From the mid 1870s his interests began to drift towards marine engineering. He then invented the combine hydraulic/steam starting engine, common in all steamships thereafter, and the highly innovative steam-tiller (a forerunner of all power-steering devices). Around 1872 he invented the telemotor a mechanism allowing removal of most of the complex gears and chains between the control room and the engine on steamships. In 1874 he invented the Steam accumulator. He used this device to power further odd creations to load and unloads cargoes using steam-power. He provided the steering gear for both the RMS Lusitania and RMS Mauretania (the world's largest ship from 1906 to 1911).

In 1881 he resettled in Edinburgh living at 1 Rosebery Crescent in the city’s West End.

In 1884 he went into partnership with William F. King to create King, Brown & Co, electrical engineers based at the Rosebank Works in Leith. The Rosebank Works had been established by David George Brown (his brother) in 1872. The company was renamed Brown Brothers around 1900 and specialised in major ship components.
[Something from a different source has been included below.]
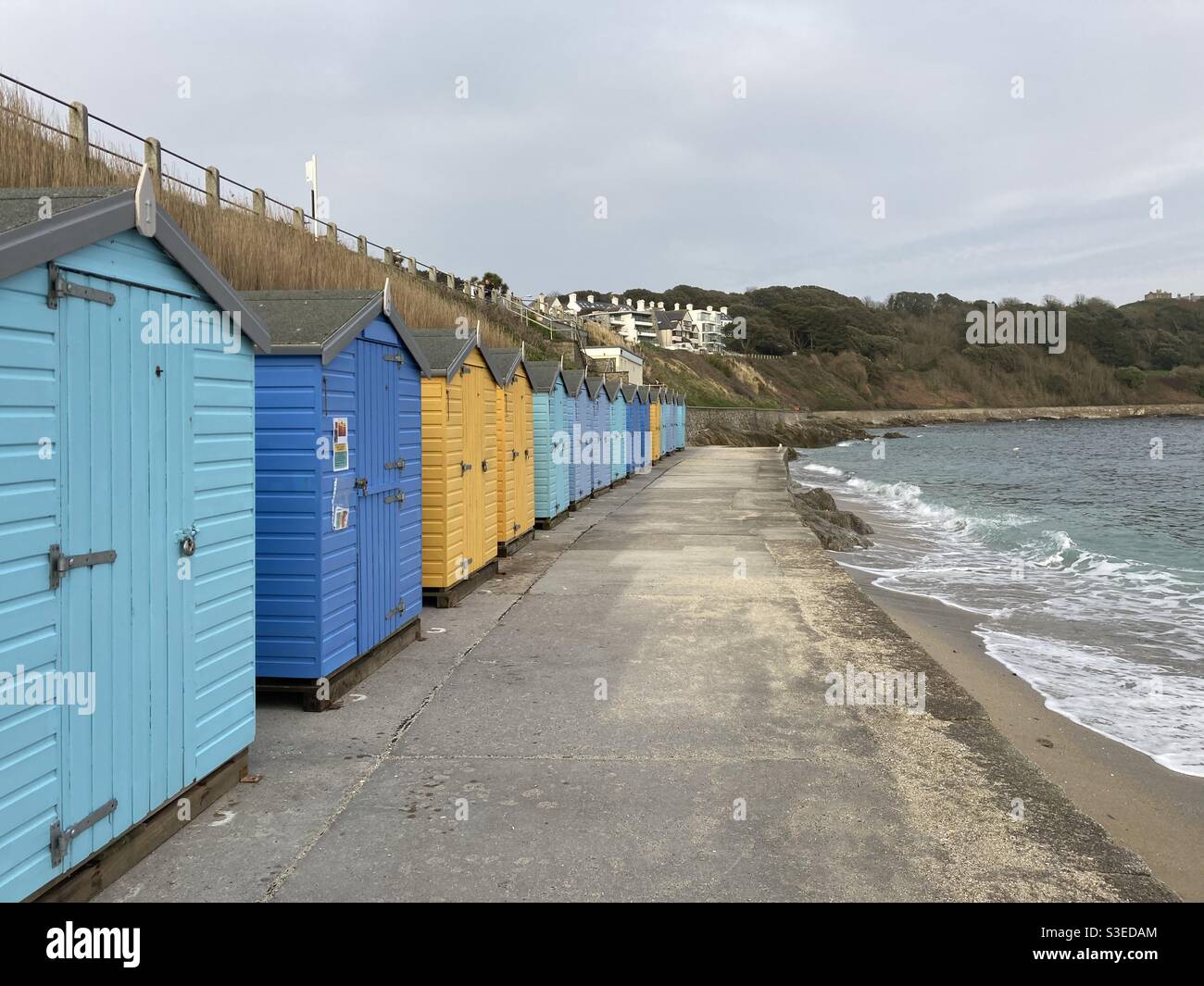 Capanne sulla spiaggia sul lungomare di Castle Beach, Falmouth, Regno Unito Foto Stock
He died at home, 19 Douglas Crescent, in Edinburgh’s West End on 13 May 1906. He is buried with his wife in the north-west section of the Victorian extension to Dean Cemetery. The inscription on the stone, "no more pain", implies a prolonged illness before death.

Brown Brothers continued after his death, doing important engineering works, including building the world's first tanks for World War One.

==Family==

In 1869 he married Anna Maria Pilliner of Jamaica (1848–1906), at Toxteth Park. They had four children.